**Work to complete:**
Send back the data below exactly. Drop every picture.
Start of Supplied information
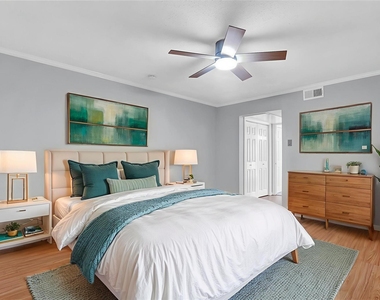 7705 Meadow Park Drive - Photo Thumbnail 10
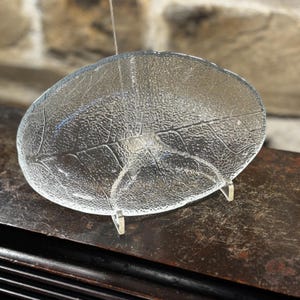 Vintage Arcoroc Aspen Pattern Leaf Shaped 8&quot; Glass Serving Plate, French Mid Century Modern Classic Design, Great Restaurant Item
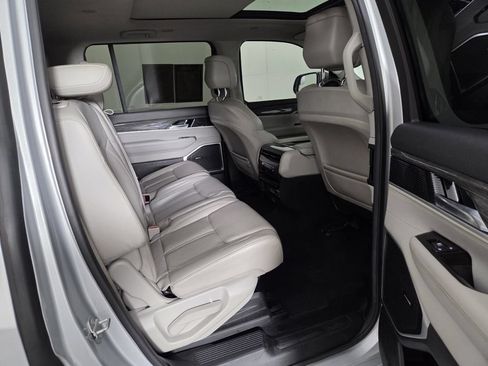 Used 2022 Jeep Wagoneer Series II w/ Premium Group I RWD image 32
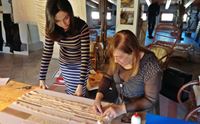 ambra osserva maria grazia medda all opera nel suo laboratorio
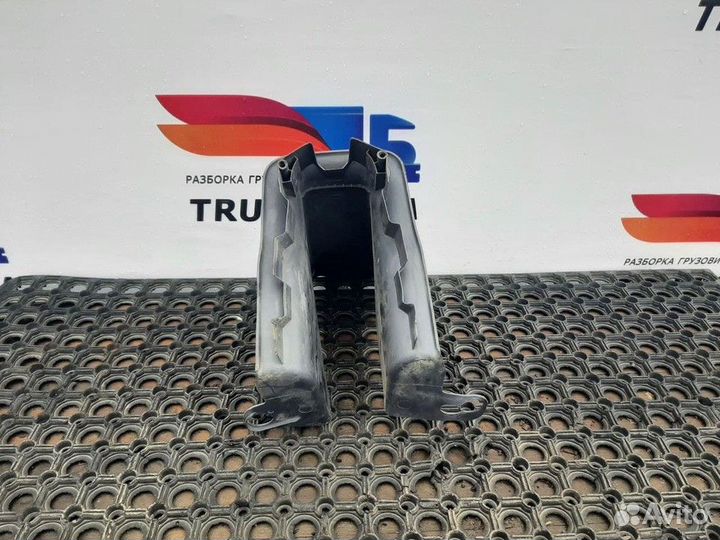 Кожух рулевой колонки нижний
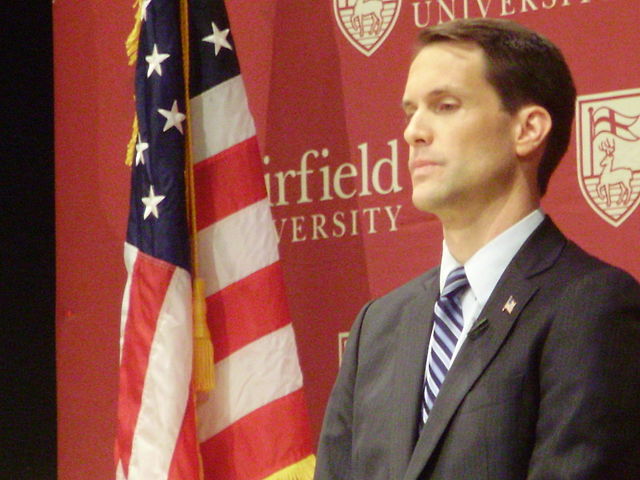 US Congressman Himes Denies Covid Vaccine Injuries And Deaths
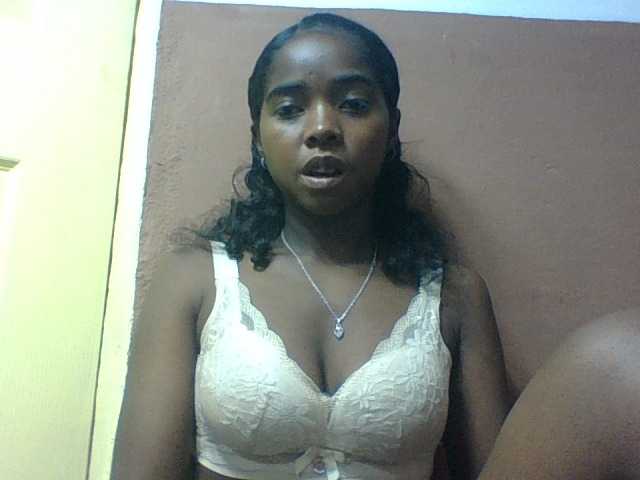 Luciah1 live cam on BongaCams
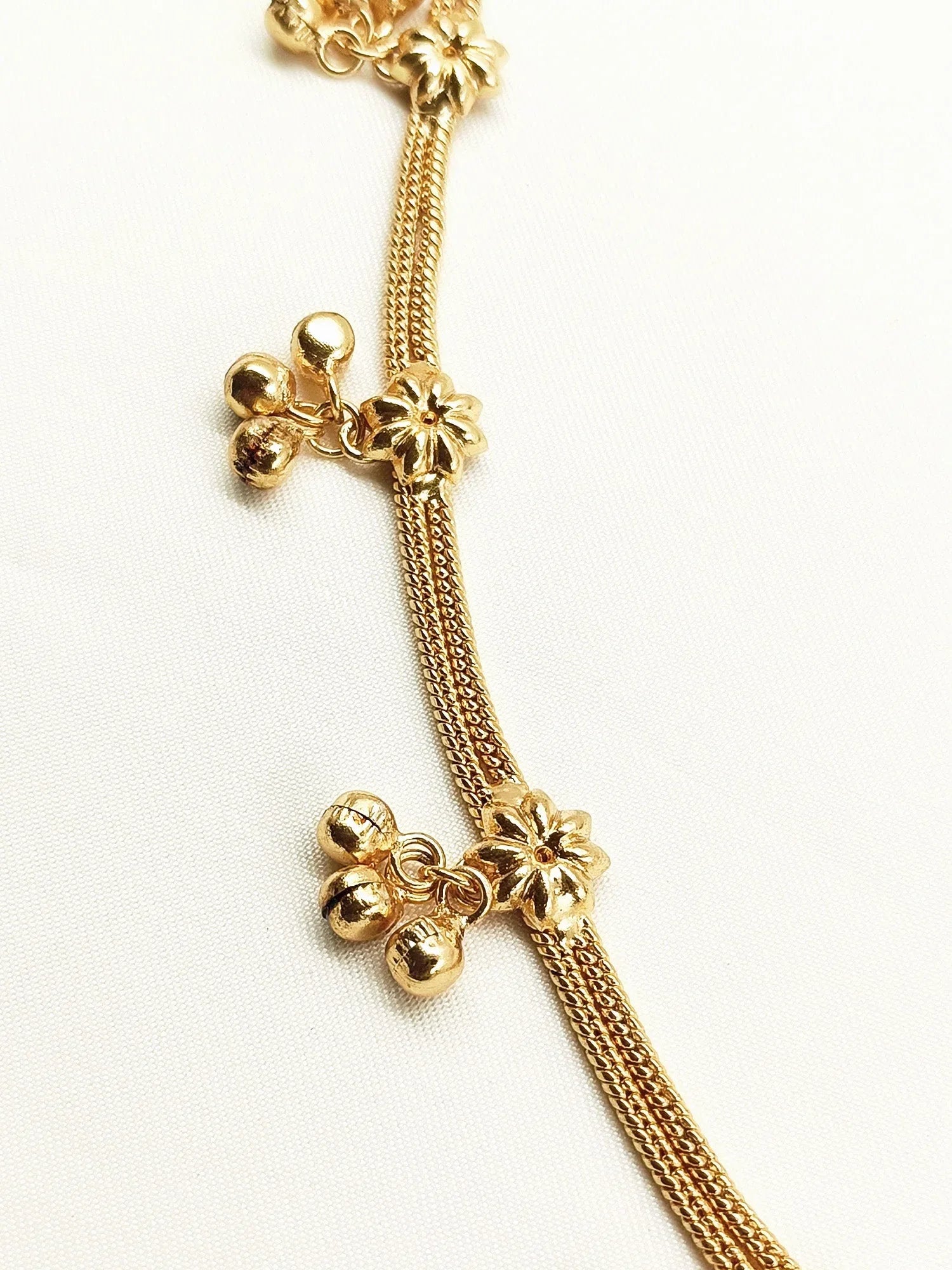 Frederike Golden Antique Waist Belt/kamar Bandh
End of Supplied information
**Task response:**
 7705 Meadow Park Drive - Photo Thumbnail 10
 Vintage Arcoroc Aspen Pattern Leaf Shaped 8&quot; Glass Serving Plate, French Mid Century Modern Classic Design, Great Restaurant Item
 Used 2022 Jeep Wagoneer Series II w/ Premium Group I RWD image 32
 ambra osserva maria grazia medda all opera nel suo laboratorio
 Кожух рулевой колонки нижний
 US Congressman Himes Denies Covid Vaccine Injuries And Deaths
 Luciah1 live cam on BongaCams
 Frederike Golden Antique Waist Belt/kamar Bandh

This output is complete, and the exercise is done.